I was planning on writing something happy-go-lucky, but I decided to have a go at depicting the titans' not-so-glorious moments. I'd usually say enjoy, but this isn't exactly a feel-good piece so I don't know. Hahaha.
Notes:
Mido Awww, thank you, thank you. They do make a mighty fine pairing, even though, like you pointed out, it's a bit unhealthy. Hahahaha. You are too sweet and I'm glad you enjoyed it (and I'm honored that you think I nailed their personalities! :,D) As always, you make my day. c:
HoneyGoddess Again, thank you for the wonderful review! I'm touched that you thought I did the drabbles justice, and no, I actually had no idea.
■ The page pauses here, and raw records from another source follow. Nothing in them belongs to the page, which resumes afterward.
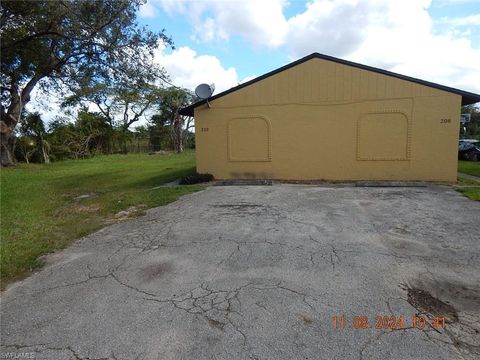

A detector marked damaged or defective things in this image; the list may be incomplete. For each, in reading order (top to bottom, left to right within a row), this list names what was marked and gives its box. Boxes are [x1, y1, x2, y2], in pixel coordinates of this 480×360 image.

cracked pavement [0, 184, 480, 358]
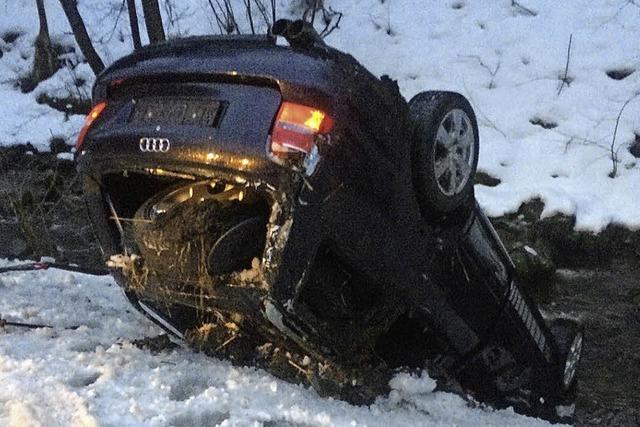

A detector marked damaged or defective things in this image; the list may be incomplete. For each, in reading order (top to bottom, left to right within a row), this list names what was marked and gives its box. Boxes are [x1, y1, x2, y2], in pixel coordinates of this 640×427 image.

overturned audi car [76, 20, 584, 424]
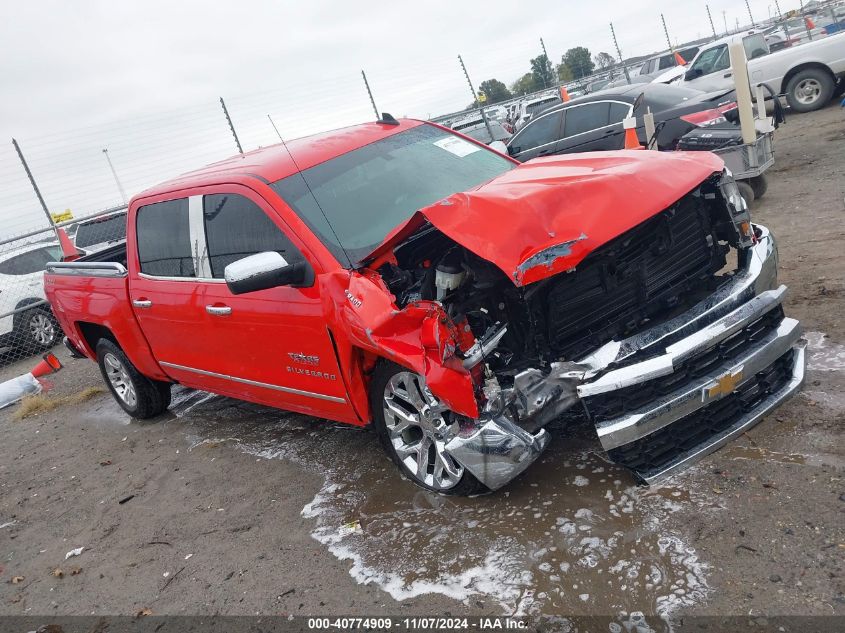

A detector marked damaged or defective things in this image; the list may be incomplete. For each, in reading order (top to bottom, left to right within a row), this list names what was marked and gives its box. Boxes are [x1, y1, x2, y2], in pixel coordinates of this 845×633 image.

crumpled hood [366, 148, 724, 286]
crashed front end [350, 162, 804, 488]
detached bumper piece [576, 227, 808, 484]
broken headlight [720, 167, 752, 246]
I am totally not looking it up right now- no siree *whistles innocently*
Archie
The purple-haired warrior pummeled his punch bag like he did every day. Except today, he wrestled with it more aggressively, despite the weary expression on his face. We're sorry Archie. We simply cannot publish work like this. They had said. It's too raw…too liberal….too….. blah blah blah. Yeah right. More like 'this is too intellectual for our nit-witted minds'. Archie clenched his jaw and pulled his arm back before letting one fly.
This one was for humiliating rejection.
Then he reared up and viciously leaped at the bag.
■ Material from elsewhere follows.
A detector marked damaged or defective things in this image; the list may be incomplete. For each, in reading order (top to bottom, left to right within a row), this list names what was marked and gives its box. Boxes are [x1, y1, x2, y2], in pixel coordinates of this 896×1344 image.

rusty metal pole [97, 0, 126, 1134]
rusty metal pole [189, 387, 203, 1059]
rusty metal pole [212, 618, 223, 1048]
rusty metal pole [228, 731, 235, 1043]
And this one was for the cheesy sympathy.
Atlanta
She slammed her door with such vigor, that even the brawn was startled by her strength. She slammed it hard. Slammed it tight. She swore she would have smashed the coach's head against the wall. That would've shown him what a girl was capable of doing. Far better than any of the boys could ever do, anyways. That would've shown him he was wrong and she was right. And most of all, that would've shown him she was invincible. That she didn't know what pain was. Or what it meant to cry. But she didn't. She couldn't. She had given in.
Jay
He could take the stings. The cuts. The scrapes. The bruises. The gashes. The scars. Heck. He could take a hundred if he had to. But he couldn't take the sting of defeat. He couldn't take the sting of failing when he was needed most. He definitely couldn't take the sting of lost trust. And most of all, he couldn't take the scar of lost friends.
Theresa
The psychic sat in her car. She just sat there. She wasn't going anywhere. She couldn't go anywhere. At least not now. Not in the state she was in. She might crash and kill someone. But frankly, she didn't care if she killed herself. How could she have been so naïve? How could her powers fail to detect it? Or better yet, why did she so ardently believe that things would be any better. They were the same as always. No, scratch that. They were worse. Curse her father. Screw him. Screw all parents everywhere. Who needed them? What could they possibly provide you that you couldn't give yourself? The pain of being ignored? The anger of being less worthy than superficialities? The wretchedness of being screamed at? Verbally abused? Ha. Right. That's what they could give you. How could she forget.
Odie
No video games today. No programming. No inventing. Nothing. What was the point? What was the point in creating, tinkering, and thinking if you failed at the only things you could do? How could his creation -which seemed more absurd the more he thought about it- how could it backfire in front of the CEOS? How could it melt down? Melt his one chance. He had gone in a patent hopeful, and he had come out empty handy, and empty hearted.
Herry
For the most part, the brawn wasn't accustomed to this feeling called rejection. He had no reason to be rejected. He had never invested in anything, so he could never lose anything. But life's funny that way. One day you think you're invincible. Ace number one. King of the hill. And the next, you're shutting yourself away. Thinking of what could have been. Wondering what you did wrong. Thinking of people that are long gone. People like Sybaris.
Neil
Where was his ego now? Where was his beautiful, precious ego that would help him escape from this? He wished he knew. Failure hurt. Rejection hurt more. Failing your opportunity to stardom; to becoming a household name and the face of designers everywhere was embarrassing. Thinking that they were actually right. Thinking that you really aren't good enough. Perfect enough. Beautiful enough. Special enough. Hating yourself for once in your life. That hurt more than anything. He wished he could be as oblivious and egoistic as he always was. He wished he could just move on. And most of all, he wished he could say that the tears streaming down his not-perfect-enough face were from anger. But that would be a lie.